Async API

Note

The Async API is available for async programs that want to use inspect_scout as an embedded library.

Normal usage of Scout (e.g. in a script or notebook) should prefer the corresponding sync functions (e.g. scan(), scan_resume()., etc.). This will provide optimal parallelism (sharing transcript parses across scanners, using multiple processes, etc.) compared to multiple concurrent calls to scan_async() (as in that case you would lose the pooled transcript parsing and create unwanted resource contention).

scan_async

Scan transcripts.

Scan transcripts using one or more scanners. Note that scanners must each have a unique name. If you have more than one instance of a scanner with the same name, numbered prefixes will be automatically assigned. Alternatively, you can pass tuples of (name,scanner) or a dict with explicit names for each scanner.

async def scan_async(
    scanners: Sequence[Scanner[Any] | tuple[str, Scanner[Any]]]
    | dict[str, Scanner[Any]]
    | ScanJob
    | ScanJobConfig,
    transcripts: Transcripts | None = None,
    results: str | None = None,
    worklist: Sequence[ScannerWork] | str | Path | None = None,
    validation: ValidationSet | dict[str, ValidationSet] | None = None,
    model: str | Model | None = None,
    model_config: GenerateConfig | None = None,
    model_base_url: str | None = None,
    model_args: dict[str, Any] | str | None = None,
    model_roles: dict[str, str | Model] | None = None,
    max_transcripts: int | None = None,
    max_processes: int | None = None,
    limit: int | None = None,
    shuffle: bool | int | None = None,
    tags: list[str] | None = None,
    metadata: dict[str, Any] | None = None,
    log_level: str | None = None,
) -> Status
scanners Sequence[Scanner[Any] | tuple[str, Scanner[Any]]] | dict[str, Scanner[Any]] | ScanJob | ScanJobConfig

Scanners to execute (list, dict with explicit names, or ScanJob). If a ScanJob or ScanJobConfig is specified, then its options are used as the default options for the scan.

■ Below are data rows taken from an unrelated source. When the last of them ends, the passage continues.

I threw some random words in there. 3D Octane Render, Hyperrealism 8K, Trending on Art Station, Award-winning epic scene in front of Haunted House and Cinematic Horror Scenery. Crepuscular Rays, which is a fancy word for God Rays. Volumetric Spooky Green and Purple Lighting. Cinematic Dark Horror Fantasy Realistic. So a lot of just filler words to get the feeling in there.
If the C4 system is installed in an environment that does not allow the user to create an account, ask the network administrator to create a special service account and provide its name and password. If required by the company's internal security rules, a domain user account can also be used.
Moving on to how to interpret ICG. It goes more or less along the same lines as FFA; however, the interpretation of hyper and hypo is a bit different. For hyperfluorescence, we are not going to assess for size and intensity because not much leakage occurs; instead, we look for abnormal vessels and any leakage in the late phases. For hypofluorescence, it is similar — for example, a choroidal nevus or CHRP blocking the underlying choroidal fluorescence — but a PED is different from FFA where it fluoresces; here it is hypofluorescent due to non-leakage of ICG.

transcripts Transcripts | None

Transcripts to scan.

results str | None

Location to write results (filesystem or S3 bucket). Defaults to “./scans”.

worklist Sequence[ScannerWork] | str | Path | None

Transcript ids to process for each scanner (defaults to processing all transcripts). Either a list of ScannerWork or a YAML or JSON file contianing the same.

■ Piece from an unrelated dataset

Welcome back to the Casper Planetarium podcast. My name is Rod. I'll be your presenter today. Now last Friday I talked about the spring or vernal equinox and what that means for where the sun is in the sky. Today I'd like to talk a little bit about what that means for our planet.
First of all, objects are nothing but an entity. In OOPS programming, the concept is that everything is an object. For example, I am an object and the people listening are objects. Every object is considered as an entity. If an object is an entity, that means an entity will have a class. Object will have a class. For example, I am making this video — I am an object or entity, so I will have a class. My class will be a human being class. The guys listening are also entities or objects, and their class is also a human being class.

validation ValidationSet | dict[str, ValidationSet] | None

Validation cases to apply for scanners.

model str | Model | None

Model to use for scanning by default (individual scanners can always call get_model() to us arbitrary models). If not specified use the value of the SCOUT_SCAN_MODEL environment variable.

model_config GenerateConfig | None

GenerationConfig for calls to the model.

model_base_url str | None

Base URL for communicating with the model API.

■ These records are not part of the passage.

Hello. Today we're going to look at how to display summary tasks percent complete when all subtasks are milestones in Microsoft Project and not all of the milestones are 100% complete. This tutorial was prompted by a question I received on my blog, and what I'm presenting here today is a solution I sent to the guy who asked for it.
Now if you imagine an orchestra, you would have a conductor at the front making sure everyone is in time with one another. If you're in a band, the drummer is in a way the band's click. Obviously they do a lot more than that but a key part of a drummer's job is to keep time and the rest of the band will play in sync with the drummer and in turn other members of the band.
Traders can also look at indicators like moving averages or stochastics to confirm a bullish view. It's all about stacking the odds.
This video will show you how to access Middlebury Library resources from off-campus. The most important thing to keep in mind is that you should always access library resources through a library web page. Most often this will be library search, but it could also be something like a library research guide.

model_args dict[str, Any] | str | None

Model creation args (as a dictionary or as a path to a JSON or YAML config file).

model_roles dict[str, str | Model] | None

Named roles for use in get_model().

max_transcripts int | None

The maximum number of transcripts to process concurrently (this also serves as the default value for max_connections). Defaults to 25.

max_processes int | None

The maximum number of concurrent processes (for multiproccesing). Defaults to multiprocessing.cpu_count().

limit int | None

Limit the number of transcripts processed.

shuffle bool | int | None

Shuffle the order of transcripts (pass an int to set a seed for shuffling).

tags list[str] | None

One or more tags for this scan.

metadata dict[str, Any] | None

Metadata for this scan.

log_level str | None

Level for logging to the console: “debug”, “http”, “sandbox”, “info”, “warning”, “error”, “critical”, or “notset” (defaults to “warning”)

scan_resume_async

Resume a previous scan.

async def scan_resume_async(scan_location: str, log_level: str | None = None) -> Status
scan_location str

Scan location to resume from.

log_level str | None

Level for logging to the console: “debug”, “http”, “sandbox”, “info”, “warning”, “error”, “critical”, or “notset” (defaults to “warning”)

scan_complete_async

Complete a scan.

This function is used to indicate that a scan with errors in some transcripts should be completed in spite of the errors.

async def scan_complete_async(
    scan_location: str, log_level: str | None = None
) -> Status
scan_location str

Scan location to complete.

log_level str | None

Level for logging to the console: “debug”, “http”, “sandbox”, “info”, “warning”, “error”, “critical”, or “notset” (defaults to “warning”)

scan_list_async

List completed and pending scans.

async def scan_list_async(scans_location: str) -> list[Status]
scans_location str

Location of scans to list.

scan_status_async

Status of scan.

async def scan_status_async(scan_location: str) -> Status
scan_location str

Location to get status for (e.g. directory or s3 bucket)

scan_results_df_async

Scan results as Pandas data frames.

async def scan_results_df_async(
    scan_location: str,
    *,
    scanner: str | None = None,
    rows: Literal["results", "transcripts"] = "results",
) -> ScanResultsDF
scan_location str

Location of scan (e.g. directory or s3 bucket).

scanner str | None

Scanner name (defaults to all scanners).

rows Literal['results', 'transcripts']

Row granularity. Specify “results” to yield a row for each scanner result (potentially multiple per transcript); Specify “transcript” to yield a row for each transcript (in which case multiple results will be packed into the value field as a JSON list of Result).